▶ [Supplied entries]:
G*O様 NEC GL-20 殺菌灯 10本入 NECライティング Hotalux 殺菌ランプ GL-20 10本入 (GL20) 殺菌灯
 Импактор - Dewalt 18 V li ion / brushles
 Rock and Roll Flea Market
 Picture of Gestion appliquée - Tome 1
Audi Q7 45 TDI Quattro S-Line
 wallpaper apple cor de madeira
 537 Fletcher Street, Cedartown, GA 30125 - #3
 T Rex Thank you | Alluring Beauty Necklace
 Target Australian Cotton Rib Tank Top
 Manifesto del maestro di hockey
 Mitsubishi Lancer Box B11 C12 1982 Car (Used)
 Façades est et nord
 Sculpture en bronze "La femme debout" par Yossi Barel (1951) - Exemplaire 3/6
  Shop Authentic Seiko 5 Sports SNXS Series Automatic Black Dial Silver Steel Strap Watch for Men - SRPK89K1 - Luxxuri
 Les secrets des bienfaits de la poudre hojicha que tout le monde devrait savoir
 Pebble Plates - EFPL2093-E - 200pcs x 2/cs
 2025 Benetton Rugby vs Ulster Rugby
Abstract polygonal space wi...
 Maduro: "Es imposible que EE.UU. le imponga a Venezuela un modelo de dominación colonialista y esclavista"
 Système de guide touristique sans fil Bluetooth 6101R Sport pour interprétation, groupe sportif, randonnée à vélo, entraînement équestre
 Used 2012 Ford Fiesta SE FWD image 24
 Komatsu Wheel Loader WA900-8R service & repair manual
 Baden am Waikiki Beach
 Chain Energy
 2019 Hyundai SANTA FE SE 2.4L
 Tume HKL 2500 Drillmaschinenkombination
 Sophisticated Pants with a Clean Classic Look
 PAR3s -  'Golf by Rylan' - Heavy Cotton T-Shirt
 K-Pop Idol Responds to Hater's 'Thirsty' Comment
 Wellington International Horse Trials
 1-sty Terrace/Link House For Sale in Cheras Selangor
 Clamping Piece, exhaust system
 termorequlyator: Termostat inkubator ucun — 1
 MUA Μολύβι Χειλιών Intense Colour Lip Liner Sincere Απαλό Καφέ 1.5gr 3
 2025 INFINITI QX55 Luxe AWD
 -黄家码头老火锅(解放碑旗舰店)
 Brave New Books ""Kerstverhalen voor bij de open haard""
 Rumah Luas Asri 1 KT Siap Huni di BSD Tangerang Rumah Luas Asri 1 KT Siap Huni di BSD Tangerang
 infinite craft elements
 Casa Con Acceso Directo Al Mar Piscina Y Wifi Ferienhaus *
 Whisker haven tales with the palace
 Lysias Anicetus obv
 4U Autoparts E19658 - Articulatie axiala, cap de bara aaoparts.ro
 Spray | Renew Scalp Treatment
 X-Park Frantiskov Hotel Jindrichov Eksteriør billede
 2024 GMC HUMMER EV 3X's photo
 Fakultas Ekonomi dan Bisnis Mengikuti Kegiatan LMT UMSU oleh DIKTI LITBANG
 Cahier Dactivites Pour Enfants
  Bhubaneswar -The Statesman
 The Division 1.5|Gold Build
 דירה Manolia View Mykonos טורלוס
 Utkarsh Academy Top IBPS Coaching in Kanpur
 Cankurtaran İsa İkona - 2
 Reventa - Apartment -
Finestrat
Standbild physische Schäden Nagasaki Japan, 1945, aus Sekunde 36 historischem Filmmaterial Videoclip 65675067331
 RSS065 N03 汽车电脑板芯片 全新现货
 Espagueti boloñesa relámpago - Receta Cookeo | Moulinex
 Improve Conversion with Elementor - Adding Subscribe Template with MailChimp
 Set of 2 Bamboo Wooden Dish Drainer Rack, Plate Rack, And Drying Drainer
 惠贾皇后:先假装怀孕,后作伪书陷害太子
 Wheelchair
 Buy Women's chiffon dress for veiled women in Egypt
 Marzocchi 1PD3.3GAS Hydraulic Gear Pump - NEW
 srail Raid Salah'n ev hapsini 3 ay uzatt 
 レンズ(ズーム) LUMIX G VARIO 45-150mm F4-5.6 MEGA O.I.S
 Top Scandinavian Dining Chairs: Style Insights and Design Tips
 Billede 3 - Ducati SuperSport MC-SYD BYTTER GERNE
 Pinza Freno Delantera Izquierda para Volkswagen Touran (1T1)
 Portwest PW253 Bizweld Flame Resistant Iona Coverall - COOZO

▶ [Action item]: Among the entries above, the line containing "K-Pop Idol Responds", the line containing "-黄家码头老火锅(解放碑旗舰店)", and all lines between them are to be restated word for word; nothing else belongs in the reply.

▶ [Exercise result]:
 K-Pop Idol Responds to Hater's 'Thirsty' Comment
 Wellington International Horse Trials
 1-sty Terrace/Link House For Sale in Cheras Selangor
 Clamping Piece, exhaust system
 termorequlyator: Termostat inkubator ucun — 1
 MUA Μολύβι Χειλιών Intense Colour Lip Liner Sincere Απαλό Καφέ 1.5gr 3
 2025 INFINITI QX55 Luxe AWD
 -黄家码头老火锅(解放碑旗舰店)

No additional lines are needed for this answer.